Wholesale shipments of new vehicles expanded 14 percent to 1.98 million last month after slumping 35 percent in January, the China Association of Automobile Manufacturers said Friday.
The market rebound was mainly caused by the timing of the week-long Chinese New Year holiday, which was observed from January 21 to January 27. Last year, the holiday stretched from January 31 to February 6.
February shipments of light vehicles including sedans, crossovers, SUVs, multi-purpose vehicles and minibuses rose 11 percent to 1.65 million.
Shipments of new commercial vehicles such as buses and trucks surged 29 percent to about 324,000.
In the first two months, sales of new vehicles fell 15 percent to below 3.63 million, with light-vehicle shipments off 15 percent to some 3.12 million and commercial-vehicle demand declining 15 percent to roughly 504,000.

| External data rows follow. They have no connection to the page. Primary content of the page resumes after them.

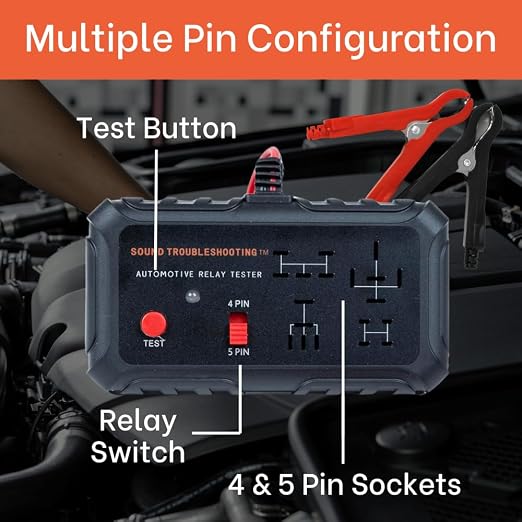 Automotive Relay Tester - 4 & 5 Pin 12V Auto Diagnostic Tool, Small Handheld DIY Car Tester with Battery Clips, Relay Testing Kit, Electrical Systems Tool | Patented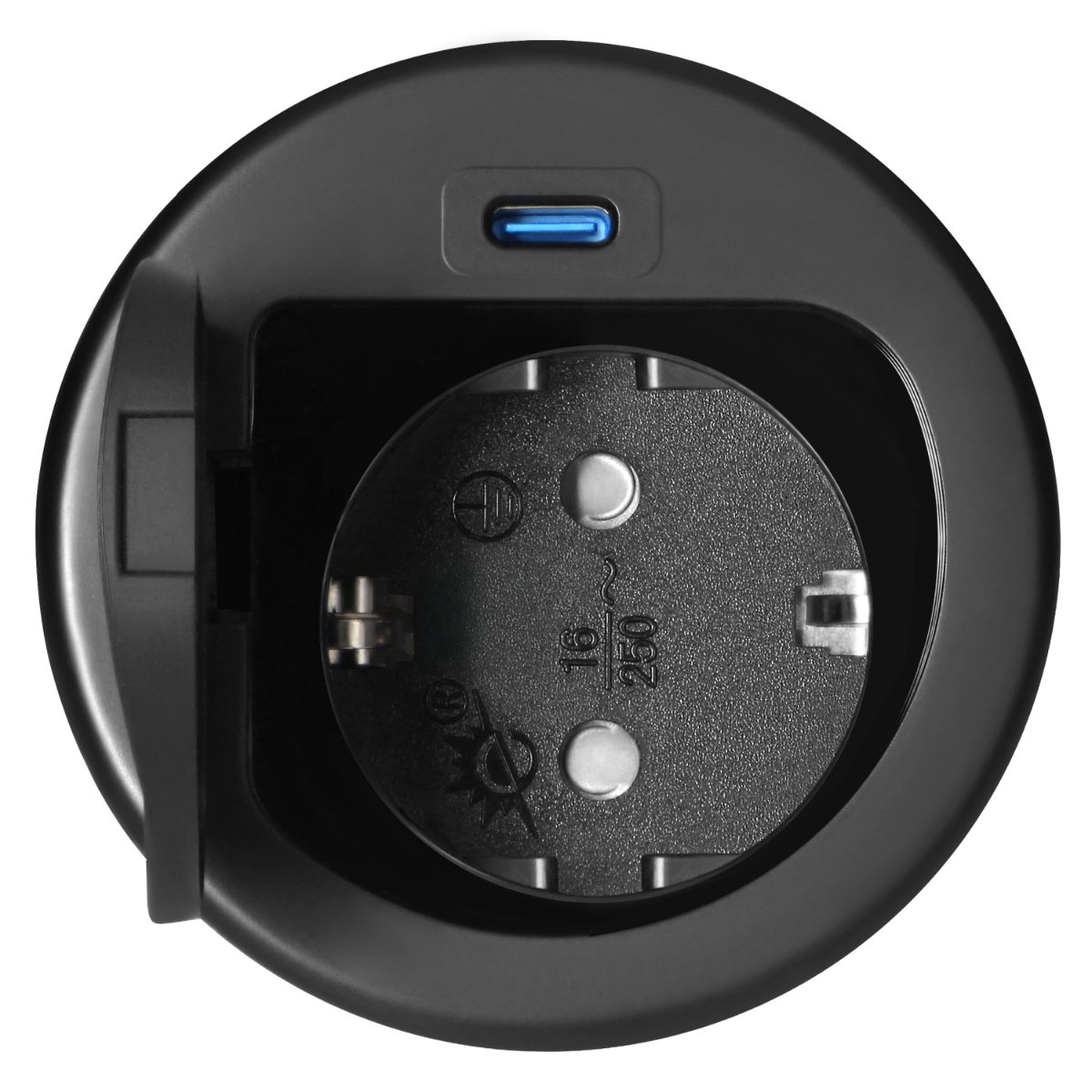 Priza incastrabila 1xSchuko 1xUSB tip C PD20W cablu 1.9m neagra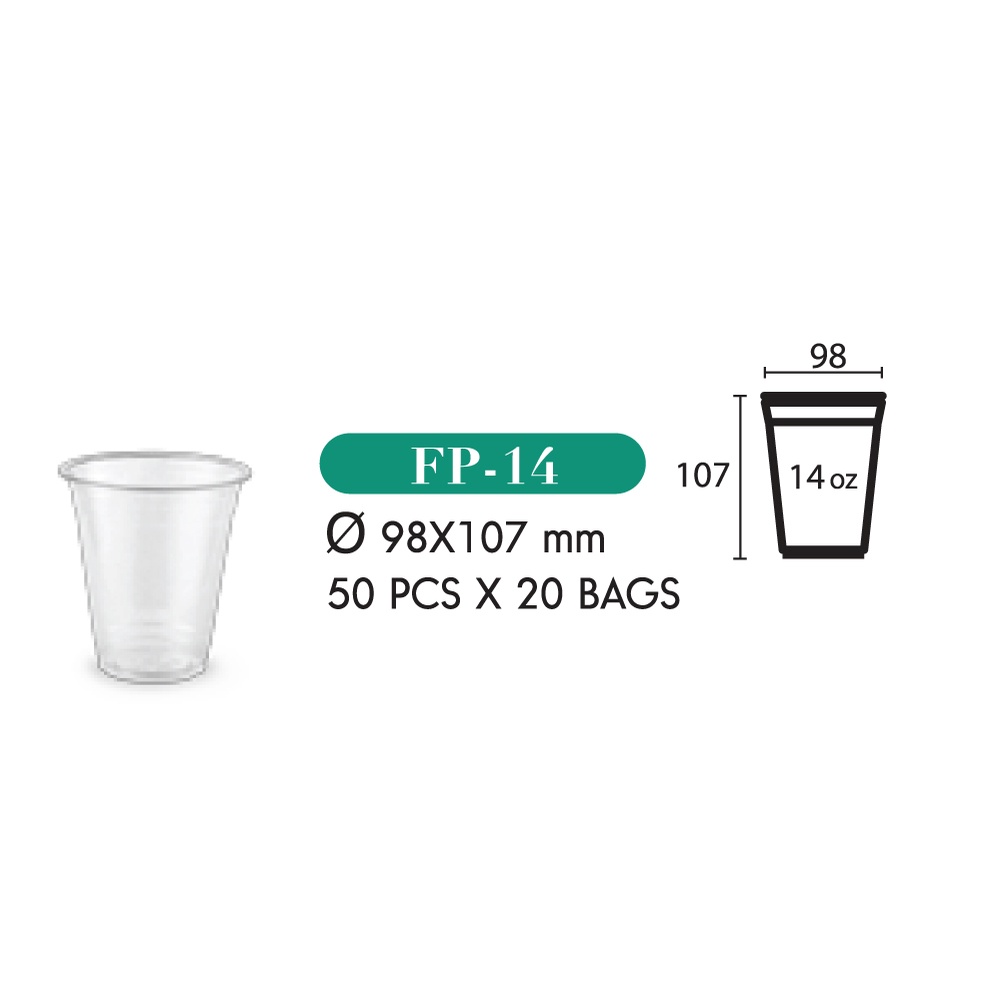 fp141000-แก้วพลาสติก-pet-ขนาด-14-ออนซ์-ปาก-98-บรรจุ-1000-ใบ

In February, EV demand spiked 56 percent to 525,000.
During the month, shipments of all-electric vehicles and plug-in hybrids rallied 44 percent and 98 percent to 376,000 and 149,000, respectively.

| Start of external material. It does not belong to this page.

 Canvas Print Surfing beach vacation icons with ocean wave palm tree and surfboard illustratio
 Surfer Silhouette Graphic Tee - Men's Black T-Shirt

Overall, electrified vehicle shipments advanced 21 percent to approach 933,000 so far this year through February. Shipments of EVs jumped 8.4 percent to around 662,000 in January and February while sales of plug-in hybrids surged 69 percent to approximately 270,000.
On December 31, Beijing ended a subsidy program it introduced in 2010 for EVs and plug-in hybrids.
On the same day, the 50 percent cut in sales taxes the government enacted on June 1 for gasoline vehicles with engine sizes of up to 2.0 liters and priced at 300,000 ($43,352) or below also expired.
Given weak cumulative sales in the first two months, it will be hard for the new-vehicle market to grow in the first quarter without fresh policy incentives, the China Association of Automobile Manufacturers warned.